Google Colab demo: https://colab.research.google.com/github/Mihaiii/llm_steer/blob/main/demo/llm_steer_demo.ipynb
Install it: pip install llm_steer
Then use:
from llm_steer import Steer
steered_model = Steer(model, tokenizer)
Add a steering vector on a particular layer of the model with a given coefficient and text. The coefficient can also be negative.
steered_model.add(layer_idx=20, coeff=0.4, text="logical")
Get all the applied steering vectors:
steered_model.get_all()
Remove all steering vectors to revert to initial model:
steered_model.reset_all()
The so-called "advanced usage" involves changing the default values of 2 parameters ("try_keep_nr" and "exclude_bos_token"), which, from my experiments - almost always leads to the LLM outputting gibberish. In the very few cases when the LLM outputs text that does make sense, the basic usage provides higher quality outputs.
More info will be provided in a separate file.
Q: What's the difference between llm_steer and mentioning what you want in the system prompt?
A: I see llm_steer as an enhancer. It can be used together with the system prompt.
Q: How to determine the best parameters to be used?
A: I don't have a method; it's all trial and error. I recommend starting with a small coefficient and then slowly increase it.
Q: What models are supported?
A: I tested it on multiple architectures, including LLaMa, Mistral, Phi, StableLM. Keep in mind that llm_steer is meant to be used together with HuggingFace's transformers library, so it won't work on GGUF, for example.
Q: I applied steering vectors, but the LLM outputs gibberish. What should I do?
A: Try a lower coeff value or another layer.
Q: Can I add multiple steering vectors on the same layer? Can I add the same steering vector on multiple layers? Can I add steering vectors with negative coefficients?
A: Yes, and please do. llm_steer is built for experimenting. See the Colab for examples: https://colab.research.google.com/github/Mihaiii/llm_steer/blob/main/demo/llm_steer_demo.ipynb
Q: Can I use steer vectors to enhance role-play characteristics (e.g., personas that are more funny or cocky)?
A: I believe this is possible, but I haven't had good results yet. I'm considering doing some more intensive testing and I might write a new notebook for it.
Q: Can I use negative steering vectors to force it not to say "As an AI language model"?
A: Yes.
- DL Explorers for his video on activation engineer which goes over an article and a colab he made. The resources mentioned in that video were the starting point of llm_steer.

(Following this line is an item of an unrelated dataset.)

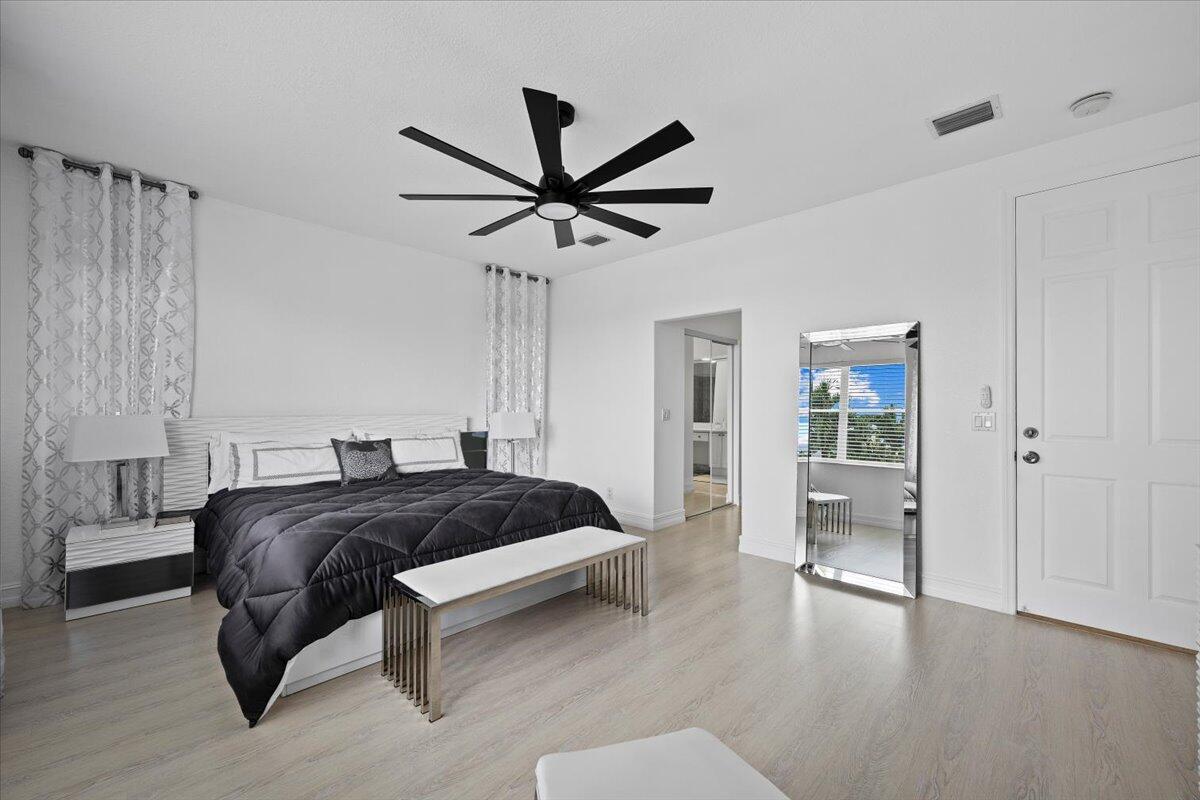 JOURNEYS END 1 - Residential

- Gary Bernhardt for his excellent Python for programmers course. I needed a course that could help me go through the basics of Python without treating me like a dev noob (like most basic level tutorials treat their audience).
- Andrej Karpathy for his State of GPT video. I always wanted to make an open-source project, but there already was a repo for every idea I had. Not when it comes to tools for LLMs, though!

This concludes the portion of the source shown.